Return the full listing word for word, but drop every picture from it.

• _Data segment_:
____________

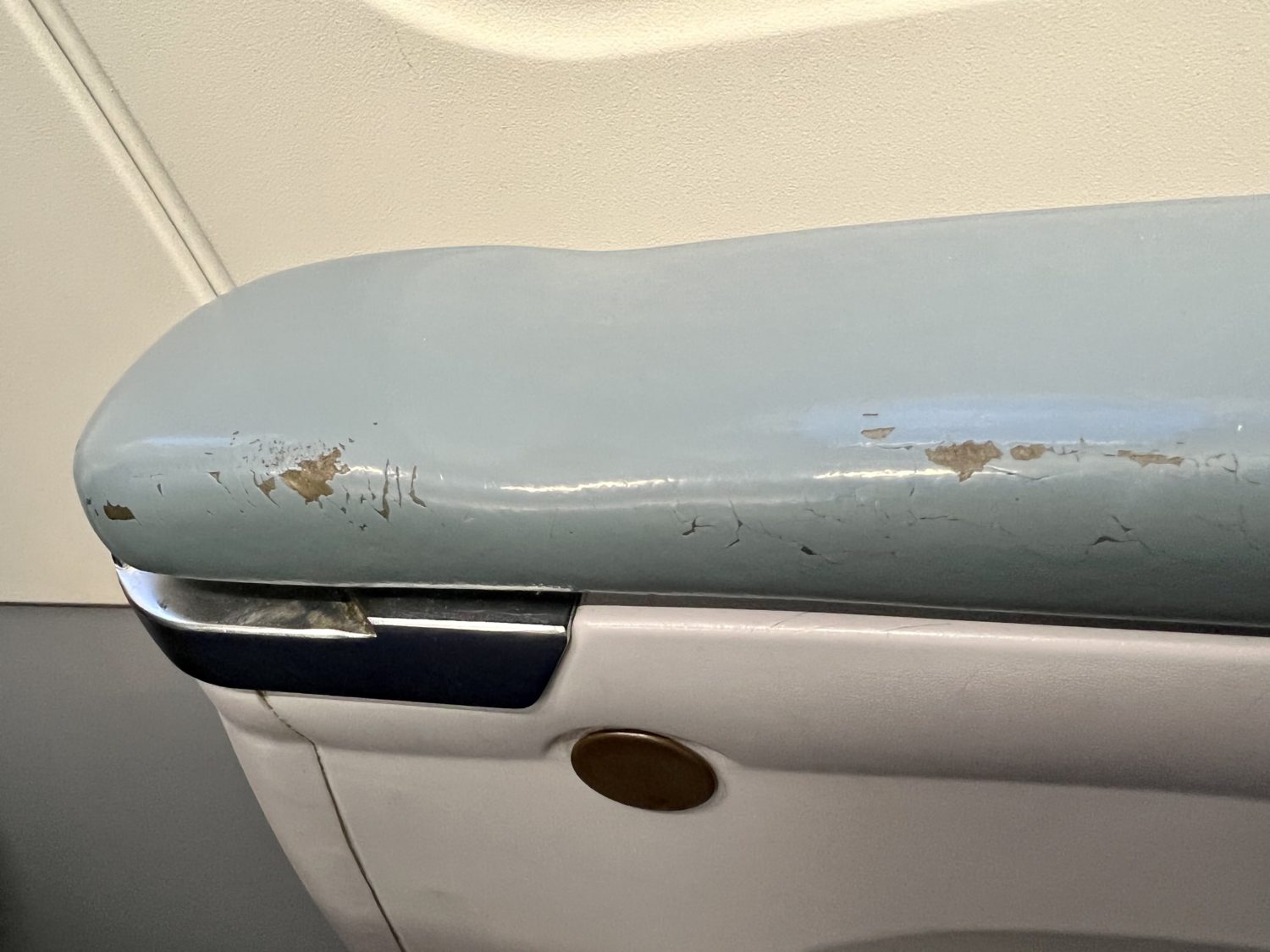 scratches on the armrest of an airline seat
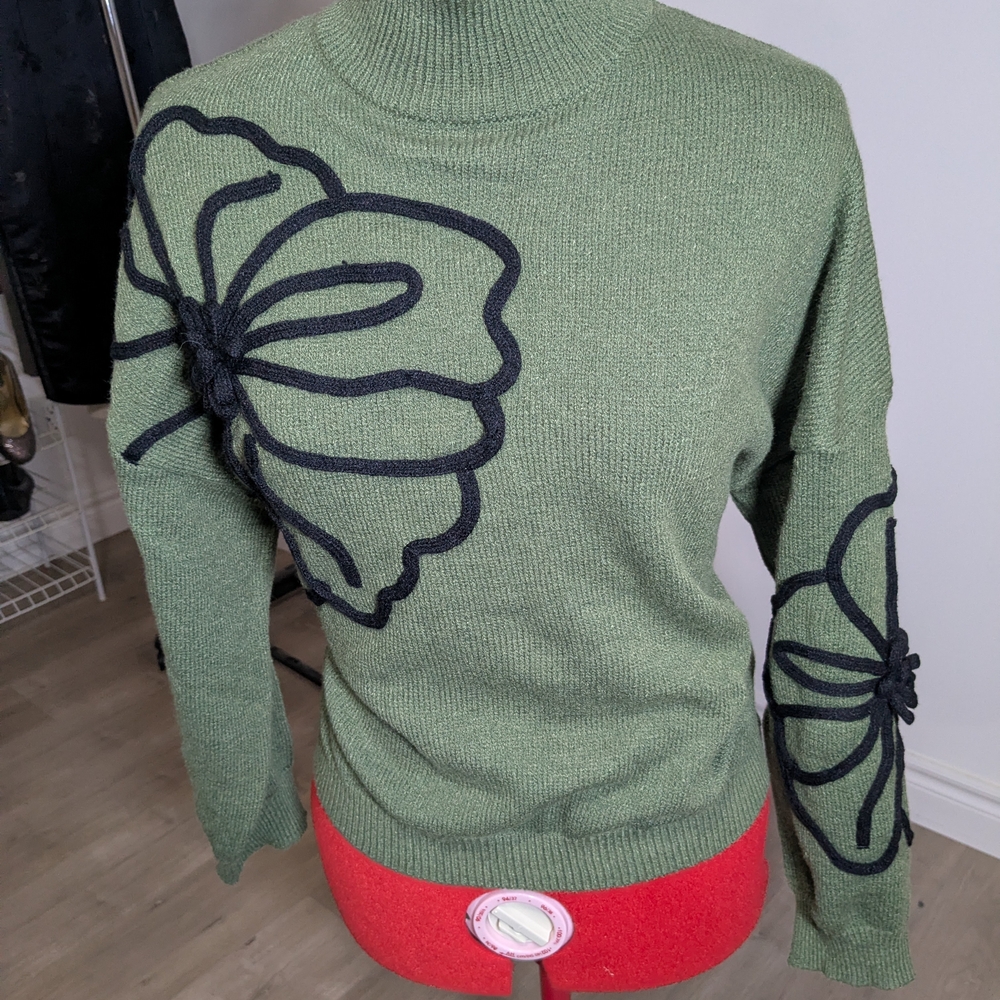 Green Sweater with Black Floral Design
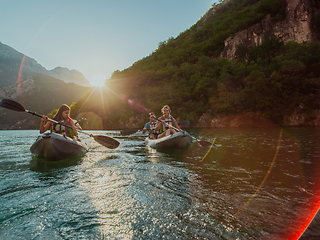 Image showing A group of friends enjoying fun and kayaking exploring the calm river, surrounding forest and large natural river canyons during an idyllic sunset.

____________

• _Result of the task_:
 scratches on the armrest of an airline seat
 Green Sweater with Black Floral Design
 Image showing A group of friends enjoying fun and kayaking exploring the calm river, surrounding forest and large natural river canyons during an idyllic sunset.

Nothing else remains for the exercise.